In 2007, the only Harry Potter LEGO set was the Hogwarts Castle, which was still pretty cool:
I found that the number of Star Wars LEGO sets per year was correlated with the movie release dates. The years with the most number of Star Wars LEGO sets are also years with movie releases:
2018: right before release of Episode IX - The Rise of Skywalker (70 sets)
2017: release of Episode VIII - The Last Jedi (66 sets)
2015: release of Episode VII - The Force Awakens (64 sets)
There is a spike in the number of sets for the years that Episode I, Episode II, and Episode III were released (1990, 2002, and 2005, respectively.)
Interesting facts to note:
The number of LEGO sets dipped dramatically in between the release years for Ep I, II, and III. After the release of Episode I - The Phantom Menace, the number of LEGO sets dipped from 19 (in 2000) to 10 (in 2001), almost dropping in half. Similarly, after the release of Episode II - Attack of the Clones, the number of sets dipped from 24 (in 2002) to 15 (in 2004). Again, after the release of Episode III - Revenge of the Sith, the number of sets dipped from 26 (in 2005) to 14 (in 2006.)
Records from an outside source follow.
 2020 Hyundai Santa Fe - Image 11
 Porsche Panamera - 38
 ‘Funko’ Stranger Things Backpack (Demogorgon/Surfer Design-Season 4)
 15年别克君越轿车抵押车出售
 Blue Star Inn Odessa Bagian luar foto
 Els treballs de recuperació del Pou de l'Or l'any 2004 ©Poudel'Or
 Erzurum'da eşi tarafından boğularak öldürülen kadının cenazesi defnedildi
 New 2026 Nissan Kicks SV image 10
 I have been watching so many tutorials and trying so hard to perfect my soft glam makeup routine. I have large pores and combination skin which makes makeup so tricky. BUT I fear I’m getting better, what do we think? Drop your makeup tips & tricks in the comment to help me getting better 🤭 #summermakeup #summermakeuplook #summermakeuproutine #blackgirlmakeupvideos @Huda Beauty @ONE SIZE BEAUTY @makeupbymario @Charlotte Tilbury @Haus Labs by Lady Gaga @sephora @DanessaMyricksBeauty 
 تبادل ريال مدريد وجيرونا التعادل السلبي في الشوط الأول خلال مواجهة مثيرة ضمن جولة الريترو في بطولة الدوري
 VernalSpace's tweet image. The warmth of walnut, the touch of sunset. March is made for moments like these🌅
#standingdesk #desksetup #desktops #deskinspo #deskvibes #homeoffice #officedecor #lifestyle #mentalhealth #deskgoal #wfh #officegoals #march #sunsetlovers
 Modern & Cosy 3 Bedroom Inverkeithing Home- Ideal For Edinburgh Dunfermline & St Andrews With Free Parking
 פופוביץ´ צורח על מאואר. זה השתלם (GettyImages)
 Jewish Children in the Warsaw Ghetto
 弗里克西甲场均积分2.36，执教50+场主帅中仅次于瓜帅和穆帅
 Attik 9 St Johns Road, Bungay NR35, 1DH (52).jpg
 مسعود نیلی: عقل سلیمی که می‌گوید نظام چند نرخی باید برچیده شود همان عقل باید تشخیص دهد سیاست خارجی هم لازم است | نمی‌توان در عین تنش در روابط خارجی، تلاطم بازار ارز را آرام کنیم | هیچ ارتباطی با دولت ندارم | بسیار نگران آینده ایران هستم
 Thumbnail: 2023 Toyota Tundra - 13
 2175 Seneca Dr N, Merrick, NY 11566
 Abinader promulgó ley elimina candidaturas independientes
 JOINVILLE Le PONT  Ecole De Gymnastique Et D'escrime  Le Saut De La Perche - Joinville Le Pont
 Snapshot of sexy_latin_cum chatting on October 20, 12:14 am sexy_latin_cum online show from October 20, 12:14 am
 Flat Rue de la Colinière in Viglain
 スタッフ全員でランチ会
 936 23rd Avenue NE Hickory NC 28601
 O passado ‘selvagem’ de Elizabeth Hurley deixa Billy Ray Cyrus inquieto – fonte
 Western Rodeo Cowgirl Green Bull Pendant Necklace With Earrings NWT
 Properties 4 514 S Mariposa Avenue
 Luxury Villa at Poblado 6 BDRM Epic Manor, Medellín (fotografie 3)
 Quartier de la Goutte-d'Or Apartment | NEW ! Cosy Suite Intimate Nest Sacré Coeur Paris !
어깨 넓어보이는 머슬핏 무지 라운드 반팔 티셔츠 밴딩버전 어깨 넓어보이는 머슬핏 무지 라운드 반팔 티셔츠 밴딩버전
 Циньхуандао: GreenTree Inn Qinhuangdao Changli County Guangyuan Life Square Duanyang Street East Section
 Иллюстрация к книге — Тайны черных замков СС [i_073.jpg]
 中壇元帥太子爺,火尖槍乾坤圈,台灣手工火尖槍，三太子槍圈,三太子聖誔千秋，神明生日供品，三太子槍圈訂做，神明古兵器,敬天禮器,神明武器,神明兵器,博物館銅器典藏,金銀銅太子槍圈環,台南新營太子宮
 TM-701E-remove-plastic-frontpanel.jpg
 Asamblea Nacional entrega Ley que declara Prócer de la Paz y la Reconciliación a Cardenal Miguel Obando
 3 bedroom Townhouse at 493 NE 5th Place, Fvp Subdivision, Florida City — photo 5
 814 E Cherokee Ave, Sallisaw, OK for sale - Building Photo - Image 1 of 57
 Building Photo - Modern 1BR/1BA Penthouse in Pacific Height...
The number of LEGO sets dropped dramatically after 2019 and the release of Episode IX: The Rise of Skywalker. In 2021, there were only 38 sets released. Unfortunately, we do not have the sales information, which may help us figure out why LEGO decided to release fewer Star Wars sets. Perhaps this was due to low Star Wars LEGO sales in 2019.
If we compare the Rotten Tomatoes ratings of the last few Star Wars movies, maybe we can figure out why LEGO decided to release fewer sets:
Episode VII - The Force Awakens (2015) scored 93% on Rotten Tomatoes.
Episode VIII - The Last Jedi (2017) scored 91% on Rotten Tomatoes.
Episode IX - The Rise of Skywalker (2019) scored only 51% on Rotten Tomatoes.
Perhaps the lower ratings of the last movie led to fewer LEGO sales, which resulted in LEGO producing fewer Star Wars sets after 2019.
There was some correlation between the number of Bionicles LEGO sets over time and the movie release dates. The years with the most Bionicles LEGO sets were also the movie release years, or directly before/after:
In 2004, Bionicle 2: Legends of Metru Nui was released, and there were 55 LEGO sets.
In 2005, Bionicle 3: Web of Shadows was released, and there were 46 LEGO sets.
Directly following the release of the last Bionicles movie in 2009, there was a sudden drop in LEGO sets (from 30 in 2009 to 6 in 2010!) In 2014, the number of Bionicles sets dipped to just 1.
However, in 2015, interestingly enough, there was a spike in Bionicles sets to 22.
If I were conducting further research, I would look into the following:
Whether Harry Potter LEGO set numbers were correlated with the popularity of the books and movies.
Whether Harry Potter, Star Wars, and Bionicles LEGO set numbers were correlated with Rotten Tomatoes ratings of the movies (e.g. if the movies scored higher on Rotten Tomatoes, LEGO pushed more sets)
The number of LEGO sales in each of those areas for the movie release years (Harry Potter, Star Wars, Bionicles) and whether certain promotions were more successful in terms of sales than others.
It seems that there is definitely a correlation between the number of LEGO sets released for each franchise and the date of the movie/TV show releases.